Chapter 1. Introduction

Table of Contents

1. Overview
2. Components of the OProfile system
2.1. Architecture-specific components
2.2. oprofilefs
2.3. Generic kernel driver
2.4. The OProfile daemon
2.5. Post-profiling tools

This document is current for OProfile version 1.3.0. This document provides some details on the internal workings of OProfile for the interested hacker. This document assumes strong C, working C++, plus some knowledge of kernel internals and CPU hardware.

Note

Only the "new" implementation associated with kernel 2.6 and above is covered here. 2.4 uses a very different kernel module implementation and daemon to produce the sample files.

1. Overview

OProfile is a statistical continuous profiler. In other words, profiles are generated by regularly sampling the current registers on each CPU (from an interrupt handler, the saved PC value at the time of interrupt is stored), and converting that runtime PC value into something meaningful to the programmer.

OProfile achieves this by taking the stream of sampled PC values, along with the detail of which task was running at the time of the interrupt, and converting into a file offset against a particular binary file. Because applications mmap() the code they run (be it /bin/bash, /lib/libfoo.so or whatever), it's possible to find the relevant binary file and offset by walking the task's list of mapped memory areas. Each PC value is thus converted into a tuple of binary-image,offset. This is something that the userspace tools can use directly to reconstruct where the code came from, including the particular assembly instructions, symbol, and source line (via the binary's debug information if present).

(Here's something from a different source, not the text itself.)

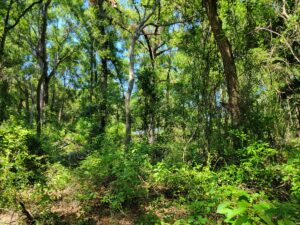 Property photo for land for sale in Levy County Florida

Regularly sampling the PC value like this approximates what actually was executed and how often - more often than not, this statistical approximation is good enough to reflect reality. In common operation, the time between each sample interrupt is regulated by a fixed number of clock cycles. This implies that the results will reflect where the CPU is spending the most time; this is obviously a very useful information source for performance analysis.

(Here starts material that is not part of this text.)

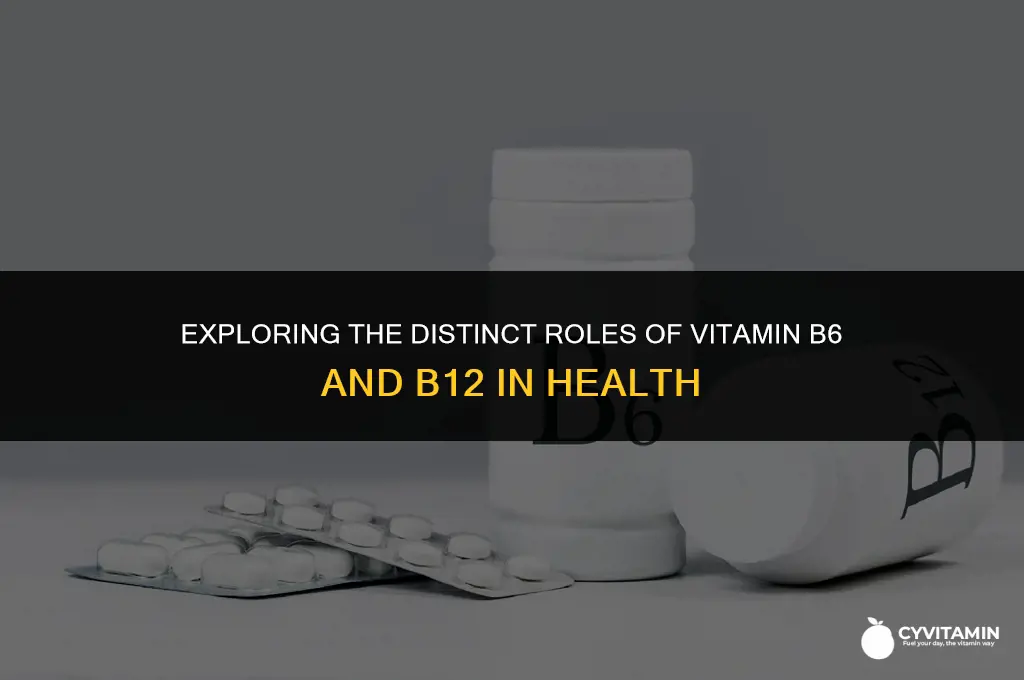 what is the difference between vitamin b6 and vitamin b12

Sometimes though, an application programmer needs different kinds of information: for example, "which of the source routines cause the most cache misses ?". The rise in importance of such metrics in recent years has led many CPU manufacturers to provide hardware performance counters capable of measuring these events on the hardware level. Typically, these counters increment once per each event, and generate an interrupt on reaching some pre-defined number of events. OProfile can use these interrupts to generate samples: then, the profile results are a statistical approximation of which code caused how many of the given event.

Consider a simplified system that only executes two functions A and B. A takes one cycle to execute, whereas B takes 99 cycles. Imagine we run at 100 cycles a second, and we've set the performance counter to create an interrupt after a set number of "events" (in this case an event is one clock cycle). It should be clear that the chances of the interrupt occurring in function A is 1/100, and 99/100 for function B. Thus, we statistically approximate the actual relative performance features of the two functions over time. This same analysis works for other types of events, providing that the interrupt is tied to the number of events occurring (that is, after N events, an interrupt is generated).

There are typically more than one of these counters, so it's possible to set up profiling for several different event types. Using these counters gives us a powerful, low-overhead way of gaining performance metrics. If OProfile, or the CPU, does not support performance counters, then a simpler method is used: the kernel timer interrupt feeds samples into OProfile itself.

The rest of this document concerns itself with how we get from receiving samples at interrupt time to producing user-readable profile information.